Information
- Former name: Ashworth High School (2007–2011)
- Type: For-profit distance education private high school
- Established: 1996; 30 years ago
- CEO: Kermit Cook
- Grades: 9th – 12th
- Accreditation: Southern Association of Colleges and Schools; Distance Education Accrediting Commission;
- Website: www.jmhs.com

= James Madison High School online =

James Madison High School (JMHS) is an English-medium online-only for-profit distance education private high school in the United States. It is regionally and nationally accredited. It provides the curriculum needed for students to complete one to four years of high school coursework online for a general or college prep high school diploma.

== History ==
The previous parent company of JMHS, Professional Career Development Institute (PCDI), was founded in 1987. The school was established in 1996 to aid students who need an alternative approach to a high school education. In 2007, all schools under PCDI merged under the Ashworth College umbrella and the name was changed to Ashworth High School. The name was changed back to James Madison High School in 2011.

Since then, Penn Foster Group acquired the Ashworth College portfolio, including JMHS.

== Accreditation ==
The school is regionally accredited by the Southern Association of Colleges and Schools Council on Accreditation and School Improvement (SACS CASI), an accreditation division of AdvancED. It is also accredited nationally by the Accrediting Commission of the Distance Education Accrediting Commission (DEAC). Both the DEAC and SACS are recognized by the Council for Higher Education Accreditation (CHEA).

== Academics ==
JMHS offers a General Diploma and College Prep Diploma track in 9th through 12th grades. All English and math courses are aligned to Common Core State Standards.

The United States Department of Defense (DoD) recognizes the school as a Tier I school, meaning graduates can enlist in the United States Armed Forces just as if they had graduated from a traditional brick and mortar high school.

Through the Move On When Ready (MOWR) program, in conjunction with University System of Georgia's eCore program, Georgia JMHS students in 10th through 12th grade can take college courses and earn college and high school credits simultaneously.

Diploma programs are non-synchronous; they can be started at any time. Students set their own schedule for completing coursework and a diploma program can be completed in as few as 18 months. Transfer credits may shorten completion time to as little as six months. The maximum amount of time allowed for students to finish their diploma program is six years. Students may request up to two six-month extensions within that time.

Students do not need to enroll in a complete diploma program; they can make up credits for single classes (credit recovery). They can take up to five individual courses without enrolling in a full diploma program. There is no minimum age requirement to take a single course.
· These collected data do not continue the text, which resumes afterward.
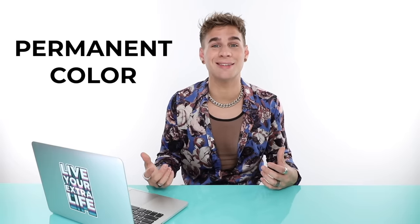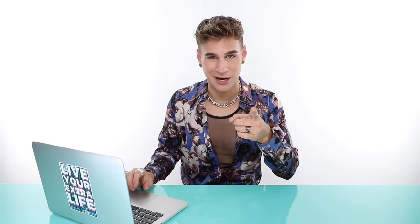Let me go over the very basics of what each different developer does differently. We're going to talk mostly today about two different categories. You can either be doing a permanent color — which is not bleach — or bleach. Anything that doesn't have that white powder involved, that's just color, that's permanent color. With the white powder, that's bleach. And then we'll also talk about toners later. Just know the differences between color and bleach.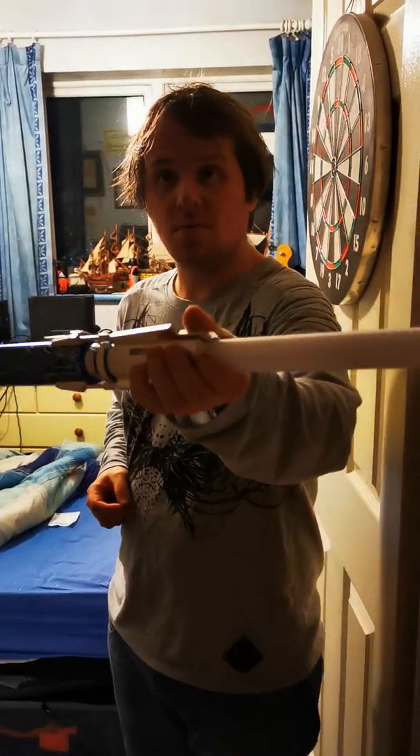Hello, welcome. Peter Pips here. Today I have in my hand the Azuri Grown Master Saber from Ultra Sabers.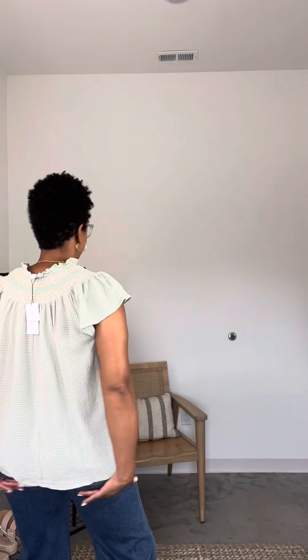In the back it kind of covers my bum, if you want that. You could do a full tuck or a front tuck — I like that you can tuck it in and it's not too bulky. It's a pretty green color, a little more vibrant, like a minty color, but it's really pretty and soft.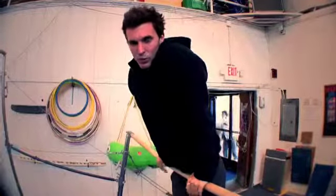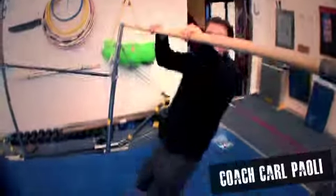How do we roll out of this thing? Let's say we're on a very high bar. We could go down this way, which can get sketchy sometimes.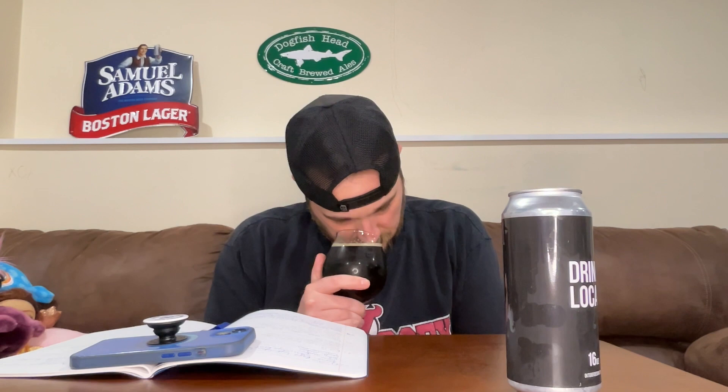Right off the bat on the nose I'm definitely getting something that smells English — like a typical English ester. Got some traditional dark stone fruit, plummy, raisiny notes coming through, and maybe a little bit of a toffee-like sweetness. It's really nicely complex but also balanced on the aroma — not specifically one note; they all just kind of melt together and give the general sense of an English beer.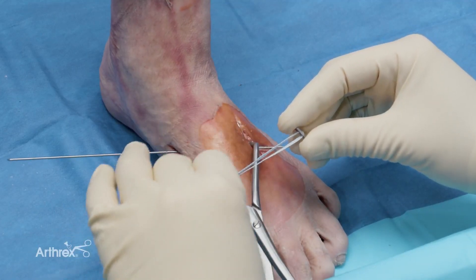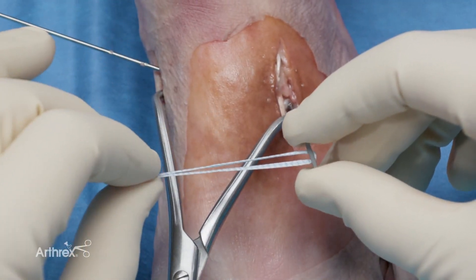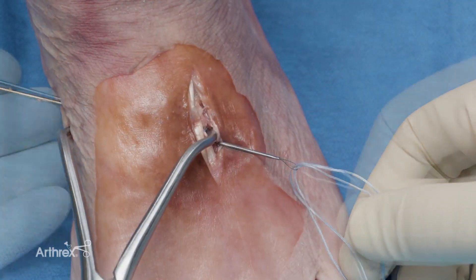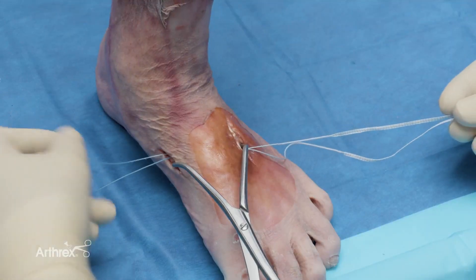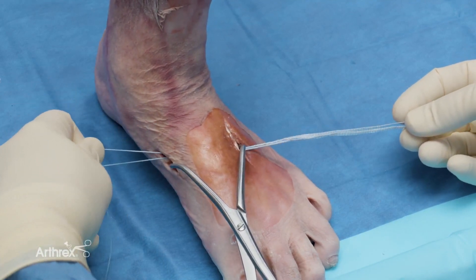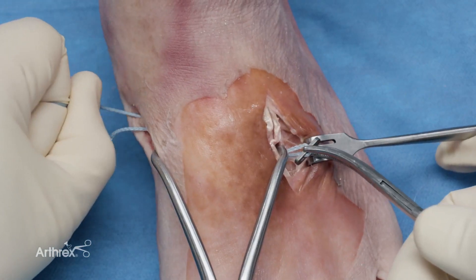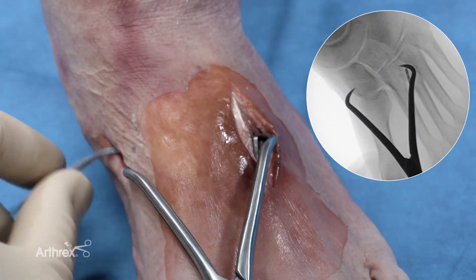Now it's time to pass the fiber tape and secure the button. It's important to make sure that your fiber tape aligns flush — you do not want any twisting, which might change the stability of the construct. I pass the fiber tape tips through the nitinol loop and pull them through. Once they are through, I make sure that they are not twisted upon each other, pulling them individually to ensure proper alignment. I have someone hold the button so it doesn't get twisted up. After oscillating between both limbs of the suture and sucking the button down, I get the button in position.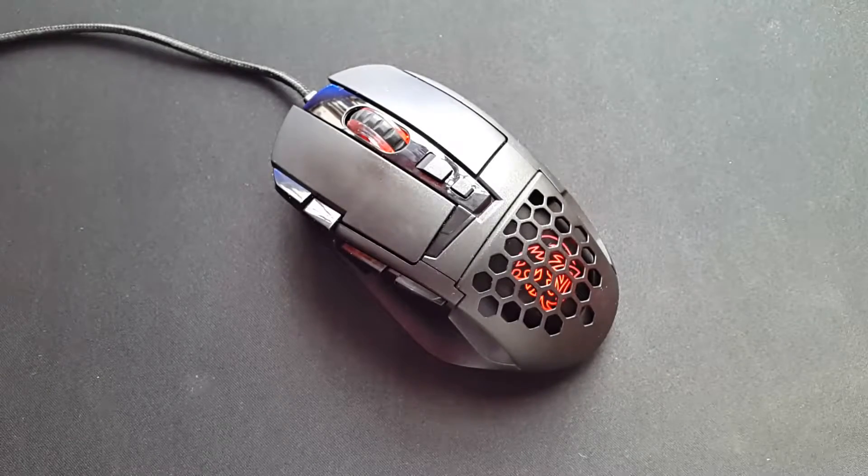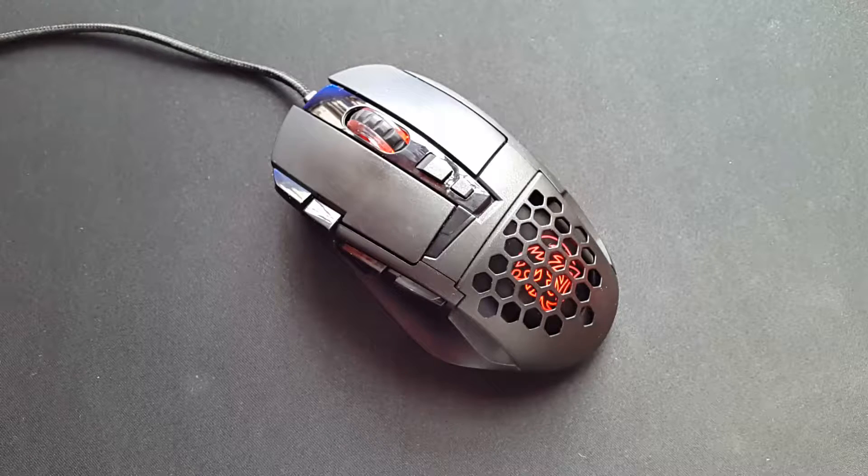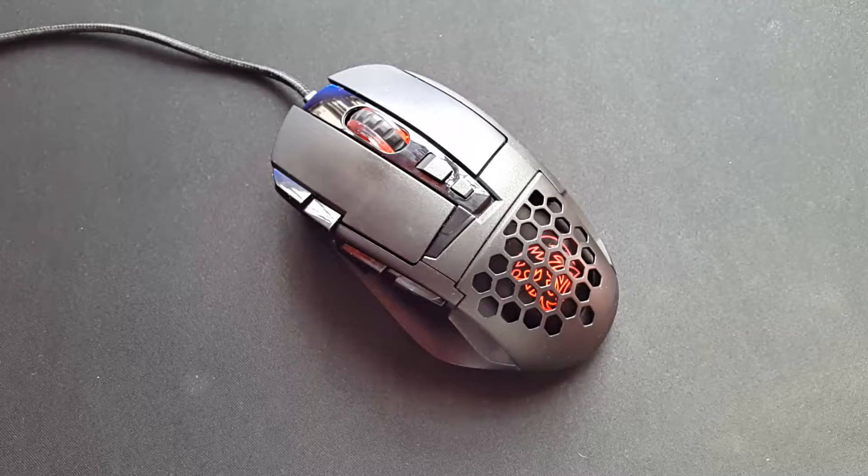Hello everyone, this is Ahmad Kazim from DragonBlogger.com and in this video we're going to take a look at the LED effects of the TTE Sport Ventus C Gaming Mouse. The Ventus C, just like the Ventus R, has two illumination spots and a total of three LED modes, but this time we don't have the option of individual color or mode assignment. Both illumination spots can only have the same color or mode, something a software update might be able to fix.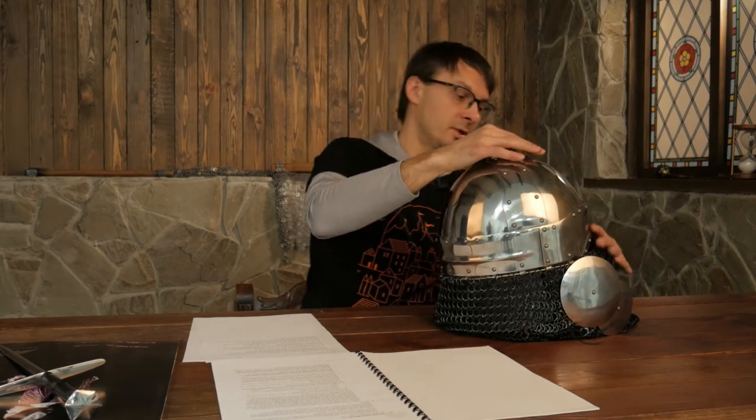This helmet looks historically accurate, has all the hidden protection for ACA and all types of heavy fighting, and is a perfect combat helmet. One more thing to mention: we totally redesigned the bar grill. As you can see, there is more room for your face and more room for your nose. When you look at the helmet from the front it's almost imperceptible, but it makes a big difference — especially if you have a larger nose and want extra room in front of your face.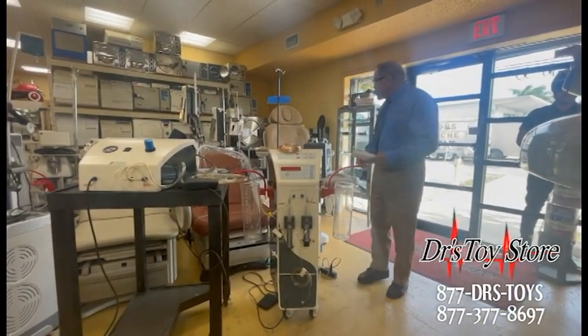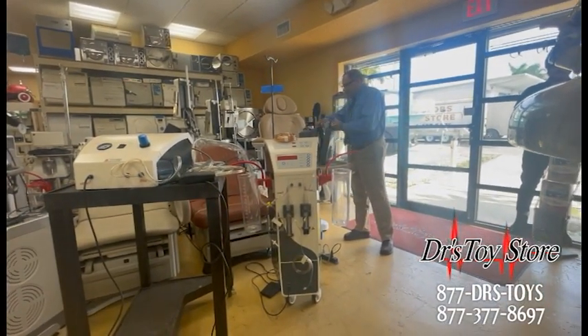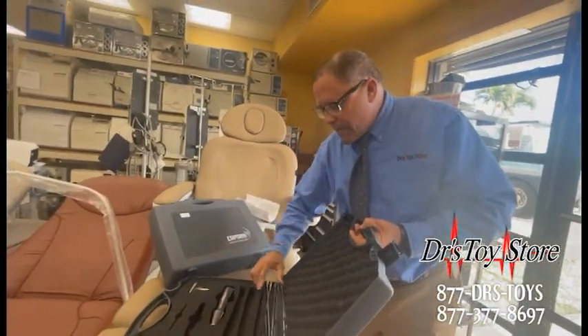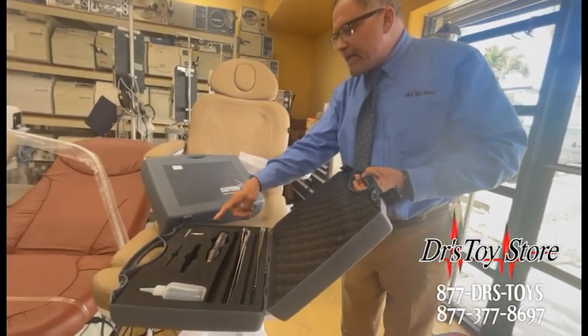We have them at the Doctor's Toy Store — these just came in. These are Uromi. We have the threes, which are very popular, but this one over here is the Uromi 4, and it comes with a really nice handpiece plus the cannulas — everything with it. We go over how to maintain it and clean it.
The school serves five different types of students:
- Traditional students who want to earn their diplomas
- Adult learners (including refugees) who want to complete their high school education
- Homeschoolers who want to receive their diplomas online
- Athletes who wish to pursue a college degree and play sports at NCAA DI or DII schools
- Students at other high schools seeking credit recovery for individual courses
- Summer school students who need to make up classes or need more flexibility in their schedule

== Transfer credits ==
Students can transfer up to 75% of total program credits from other high schools. 25% of the courses must be completed at JMHS, or six credits must be completed to certain provisions set up by the school.

Students who were educated at home, in an environment other than a public/private school, or from a non-accredited school, can enroll upon an acceptable submission of a complete portfolio of their work and proper documentation.

== Online access ==
Students connect with their teachers and fellow students in an online student portal. Students also have access to school advisors, live orientation sessions, and educational videos, and can interact with student services online.

The student portal is broken down into three main areas:
- High School Guidance Center
- High School Library
- Writing Lab

== Admissions and financial aid and costs ==
Students must be over 14 years of age to enroll. Those under 18 must provide proof of promotion to 9th grade and be enrolled by a parent or guardian.

To be eligible for the college preparatory program track, a student's incoming GPA must be a minimum of 2.00 on a 4.00-point scale, or an overall C grade. If the transcript arrives after starting a program and the student is not eligible based on the overall GPA, then the student will be switched to the general program track.

If a homeschooled student, a student from an environment other than a public/private school or from a non-accredited school is not able to provide ample information in their portfolio, they must take a 9th grade entrance exam.

== Graduation ==
Each year, an average of 2,500 traditional-age students, adult learners, and homeschoolers graduate from JMHS.

Since 2007, the school has held a student graduation ceremony in Atlanta, Georgia. In order to graduate, students must meet requirements including completion of 23 credits, enrollment for more than six months, and all financial obligations paid in full.